* [Task to complete]: An exact copy of every entry is needed, with no images.

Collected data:
:::::

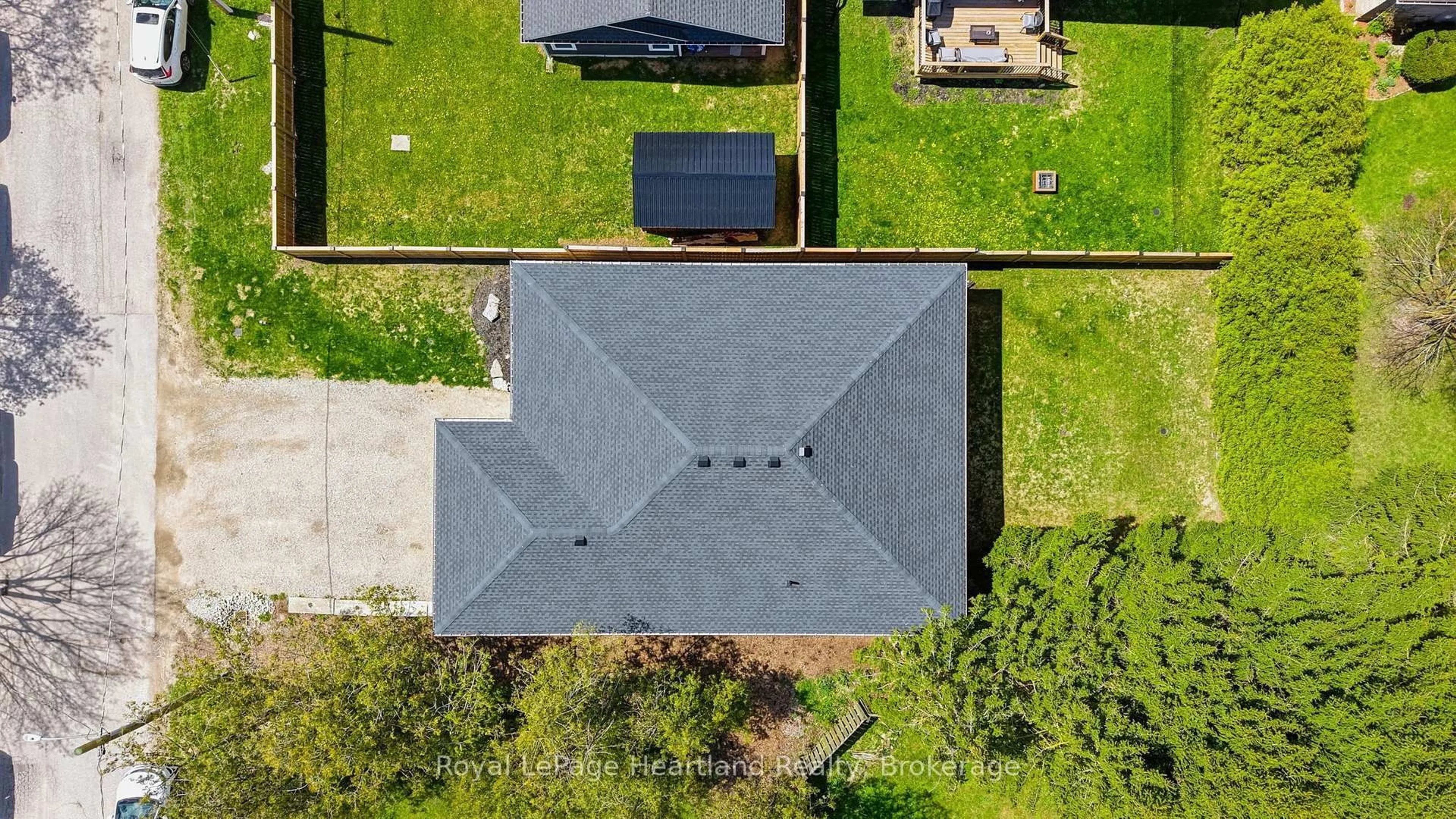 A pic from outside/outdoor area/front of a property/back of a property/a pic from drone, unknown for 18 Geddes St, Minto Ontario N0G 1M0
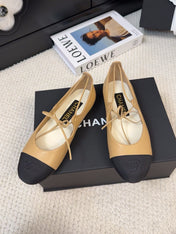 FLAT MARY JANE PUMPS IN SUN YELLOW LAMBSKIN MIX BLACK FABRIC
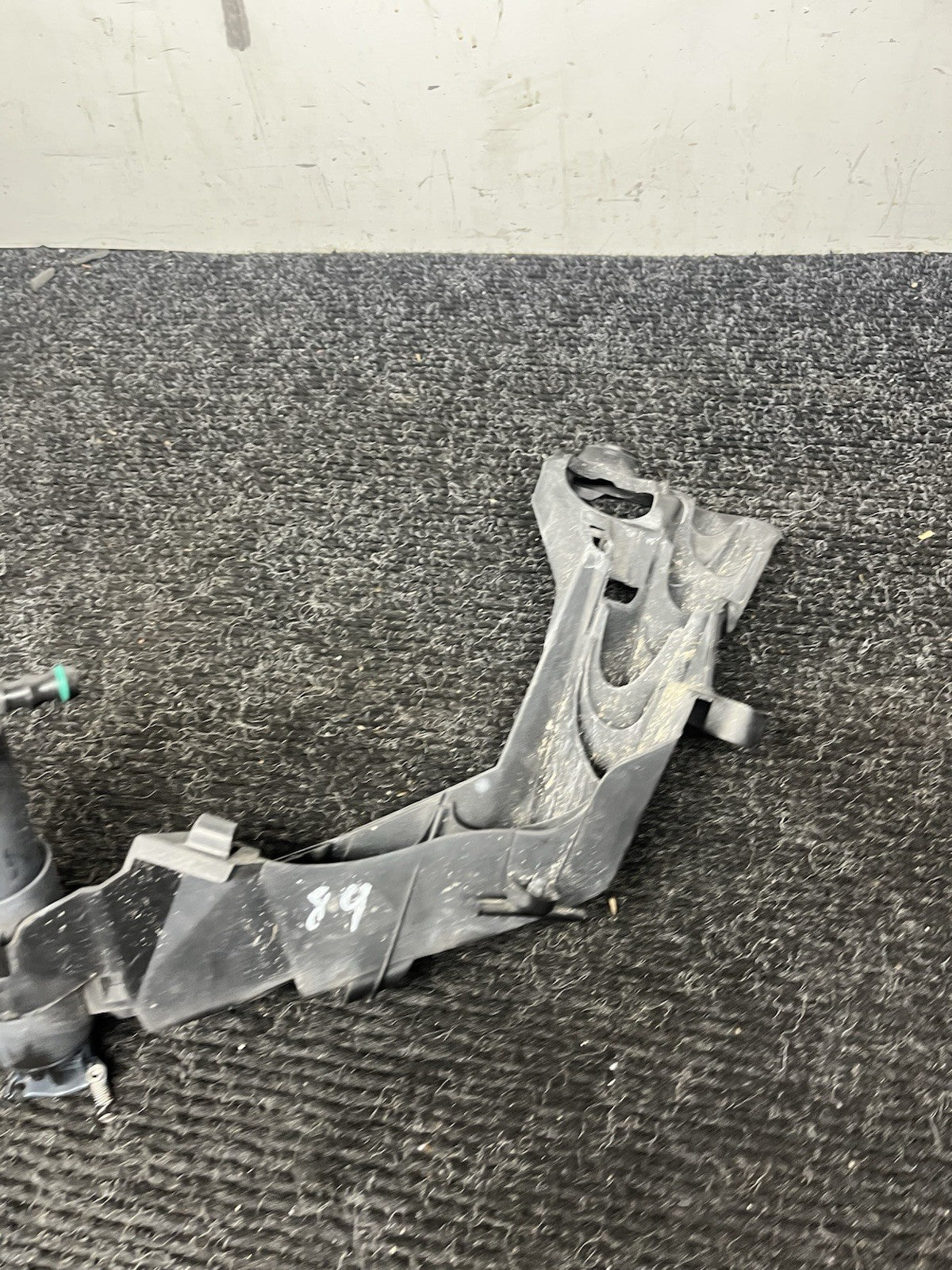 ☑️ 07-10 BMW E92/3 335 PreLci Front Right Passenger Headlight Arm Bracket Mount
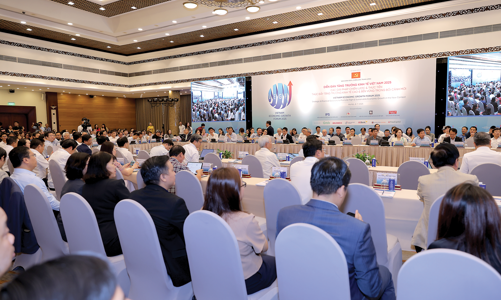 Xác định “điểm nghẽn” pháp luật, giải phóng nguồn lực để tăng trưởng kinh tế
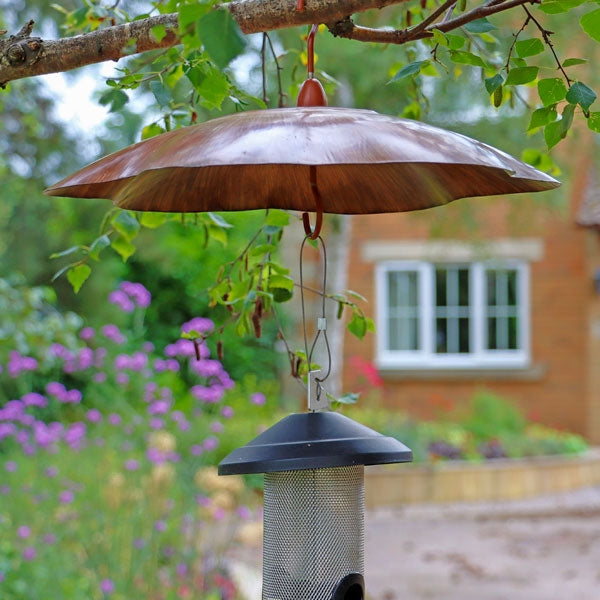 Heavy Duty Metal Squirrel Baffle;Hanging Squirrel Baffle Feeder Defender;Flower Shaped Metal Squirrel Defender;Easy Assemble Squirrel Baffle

:::::

* [Answer to this problem]:
 A pic from outside/outdoor area/front of a property/back of a property/a pic from drone, unknown for 18 Geddes St, Minto Ontario N0G 1M0
 FLAT MARY JANE PUMPS IN SUN YELLOW LAMBSKIN MIX BLACK FABRIC
 ☑️ 07-10 BMW E92/3 335 PreLci Front Right Passenger Headlight Arm Bracket Mount
 Xác định “điểm nghẽn” pháp luật, giải phóng nguồn lực để tăng trưởng kinh tế
 Heavy Duty Metal Squirrel Baffle;Hanging Squirrel Baffle Feeder Defender;Flower Shaped Metal Squirrel Defender;Easy Assemble Squirrel Baffle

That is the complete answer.